#### Input records ####

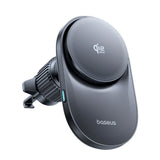 Baseus Magnetic Car Phone Holder with Wireless Charging & Fan - Ventilation Grille - MagSafe Compatible - Black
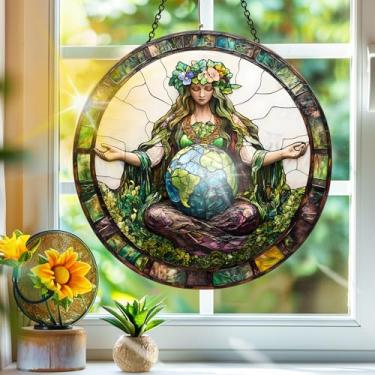 Imagem de Acrílico colorido Suncatcher, decoração de janela suspensa de elfos, arte de parede de arco-íris, para varanda, interior e exterior, jardim, enfeites de Natal, decoração 19 x 19 cm CH#61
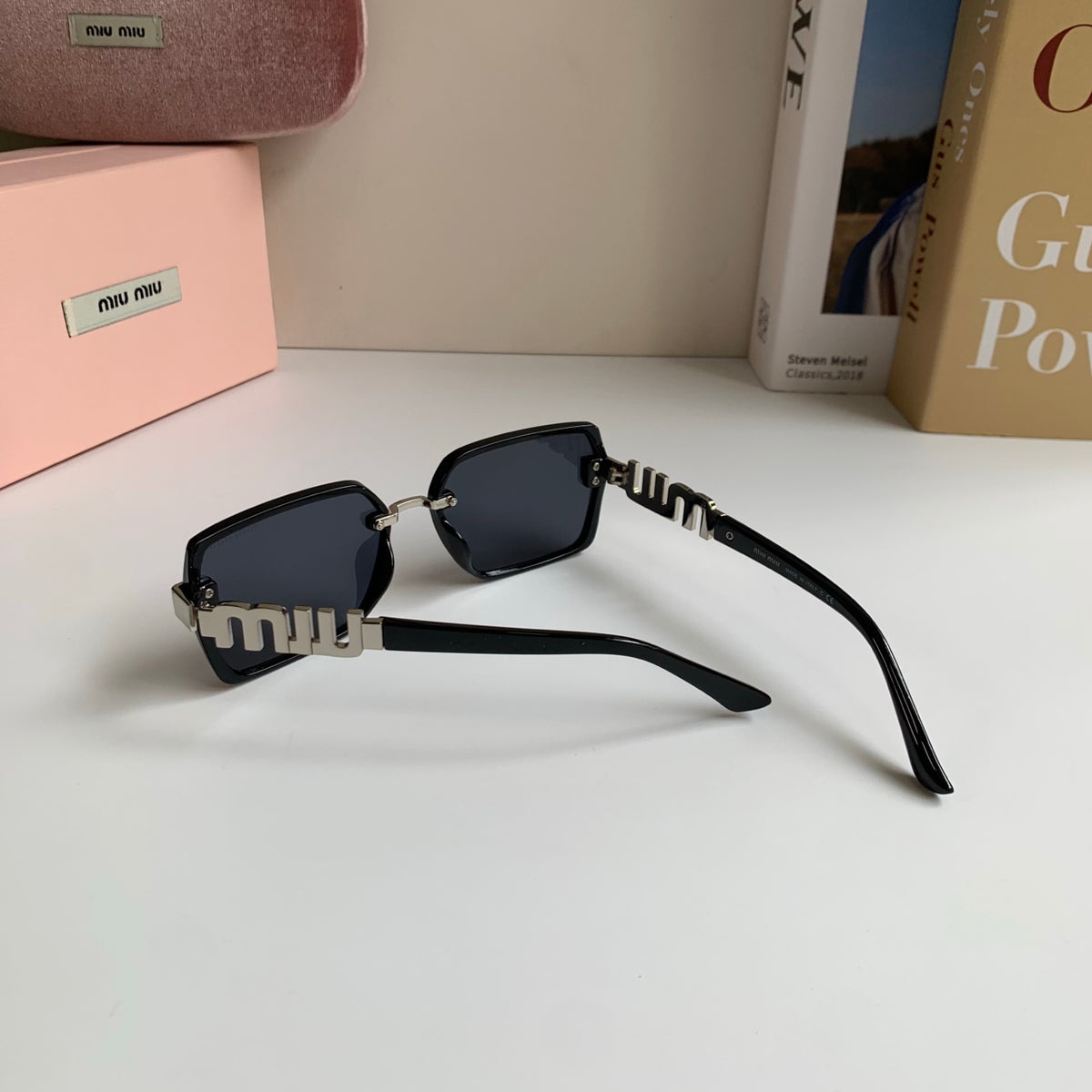 Miu Miu Square Silver Lens Sunglasses for Men & Women - 487686 - detail image 7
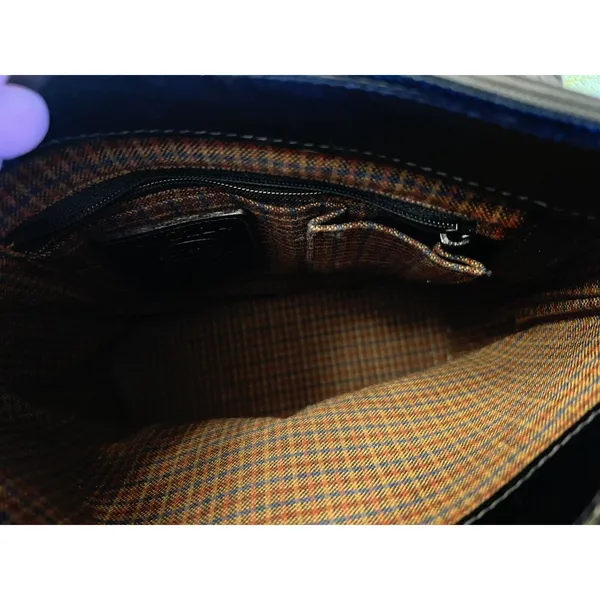 BRIGHTON Black Brown Croc Leather Bucket Tote Shoulder Handbag Double Handles‎ - Image 5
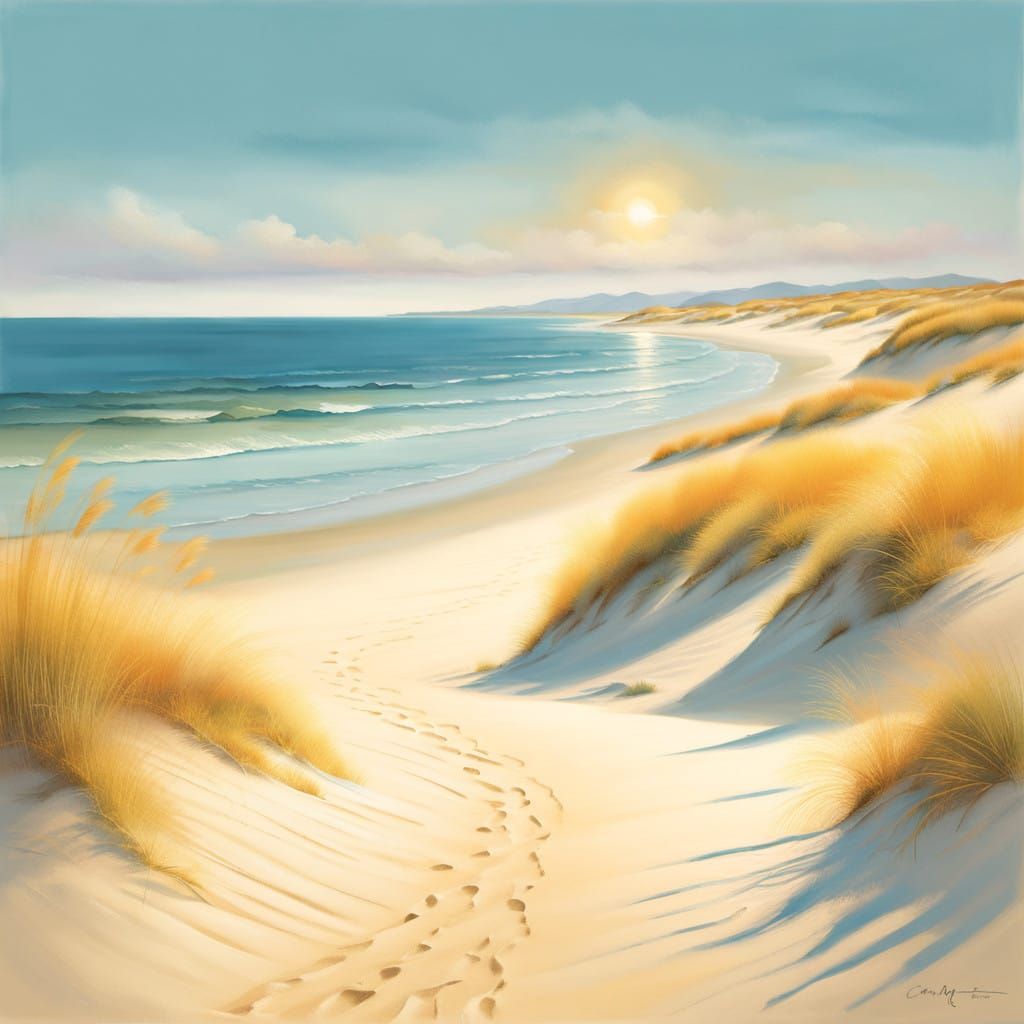 Sunny Seaside Scene with Happy Family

####

## [Task objective]
Would you reproduce the records exactly as they stand, but without the pictures?

## [Result]
 Baseus Magnetic Car Phone Holder with Wireless Charging & Fan - Ventilation Grille - MagSafe Compatible - Black
 Imagem de Acrílico colorido Suncatcher, decoração de janela suspensa de elfos, arte de parede de arco-íris, para varanda, interior e exterior, jardim, enfeites de Natal, decoração 19 x 19 cm CH#61
 Miu Miu Square Silver Lens Sunglasses for Men & Women - 487686 - detail image 7
 BRIGHTON Black Brown Croc Leather Bucket Tote Shoulder Handbag Double Handles‎ - Image 5
 Sunny Seaside Scene with Happy Family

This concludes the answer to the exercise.